Scoring on inspection items: Scores inspection items based on the inspection results of related resources and services.-
If an inspection item does not belong to the Global Setting category, the inspection item is scored based on the following mechanism:
- Score of Inspection Item = (Score of Resource 1 + Score of Resource 2 + …… + Score of Resource N)/(N*100)*100
- For example, if an inspection item involves 3 resources, which are in Normal, Warning, and Fault/Failed status respectively, the scores of the three resources are 100, 50, and 0 points respectively. Then the score of the inspection item is (100 + 50 + 0)/(3*100)*100=50 points.
-
If an inspection item belongs to the Global Setting category, the inspection item is scored based on the following mechanism:
- The score of the inspection item is the score of the involved global setting.
- For example, if the inspection result of the involved global setting is Warning, the score of the global setting is 50 points. Then the score of the inspection item is 50 points.
Scoring on the Cloud: Scores the Cloud based on the scores of all inspection items.- Score of the Cloud = (Score of Inspection Item 1 + Score of Inspection Item 2 + …… + Score of Inspection Item N)/(N*100)*100
- For example, if you select 3 inspection items, which is scored 100 points, 50 points, and 0 points respectively, then the score of the Cloud is (100 + 50 + 0)/(3*100)*100=50 points.
- O&M Suggestions:
If resources and services are detected in Warning or Fault status, One-Click Inspection analyzes the hidden dangers and their effects on these resources and services, and provides suggestions on O&M. For more information, see Inspection Items.
- Inspection Reports:
One-Click Inspection allows you to export PDF-formatted inspection reports. An inspection report summarizes platform configurations, resource status, and inspection results. It also provides details of all abnormal inspection items and corresponding O&M suggestions.
Benefits
- Comprehensive, customized, and efficient inspection capabilities: Provides five inspection categories that cover all key resources and services of the Cloud and allows you to select inspection items based on your business scenarios.
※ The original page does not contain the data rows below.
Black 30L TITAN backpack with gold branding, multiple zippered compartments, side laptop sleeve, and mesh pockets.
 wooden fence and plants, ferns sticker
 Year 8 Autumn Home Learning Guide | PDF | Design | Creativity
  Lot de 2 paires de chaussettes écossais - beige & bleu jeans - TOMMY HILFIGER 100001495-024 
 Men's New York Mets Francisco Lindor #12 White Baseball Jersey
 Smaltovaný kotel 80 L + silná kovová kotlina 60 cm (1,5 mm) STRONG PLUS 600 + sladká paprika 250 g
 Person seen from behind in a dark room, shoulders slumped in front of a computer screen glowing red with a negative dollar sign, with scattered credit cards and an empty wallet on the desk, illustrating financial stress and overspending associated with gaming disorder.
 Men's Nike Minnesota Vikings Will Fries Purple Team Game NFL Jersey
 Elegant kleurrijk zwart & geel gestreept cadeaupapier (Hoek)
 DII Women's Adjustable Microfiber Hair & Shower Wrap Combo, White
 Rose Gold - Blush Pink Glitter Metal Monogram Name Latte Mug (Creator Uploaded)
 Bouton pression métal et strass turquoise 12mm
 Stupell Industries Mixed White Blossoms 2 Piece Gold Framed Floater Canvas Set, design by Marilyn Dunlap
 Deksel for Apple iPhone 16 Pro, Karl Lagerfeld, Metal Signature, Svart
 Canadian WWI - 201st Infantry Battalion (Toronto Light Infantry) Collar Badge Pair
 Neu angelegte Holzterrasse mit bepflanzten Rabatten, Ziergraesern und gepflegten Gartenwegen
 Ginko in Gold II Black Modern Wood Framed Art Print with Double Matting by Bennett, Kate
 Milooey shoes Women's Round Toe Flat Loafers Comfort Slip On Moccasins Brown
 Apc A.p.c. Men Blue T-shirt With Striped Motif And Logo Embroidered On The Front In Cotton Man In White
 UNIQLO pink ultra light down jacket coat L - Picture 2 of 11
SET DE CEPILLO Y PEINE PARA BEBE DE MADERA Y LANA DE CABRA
After you launch an inspection, the inspection can be completed within a few minutes.
- Multi-layered scoring mechanism: The in-built three-layer mechanism of scoring on resources/services, inspection items, and the Cloud allows you to grasp the overall picture as well as details of the Cloud running status.
- Intelligent O&M suggestions: Provides risk analysis of resources and corresponding countermeasures, facilitating efficient O&M.
Manage One-Click Inspection
On the main menu of ZStack Cube Ultimate, choose . Then, the One-Click Inspection page is displayed.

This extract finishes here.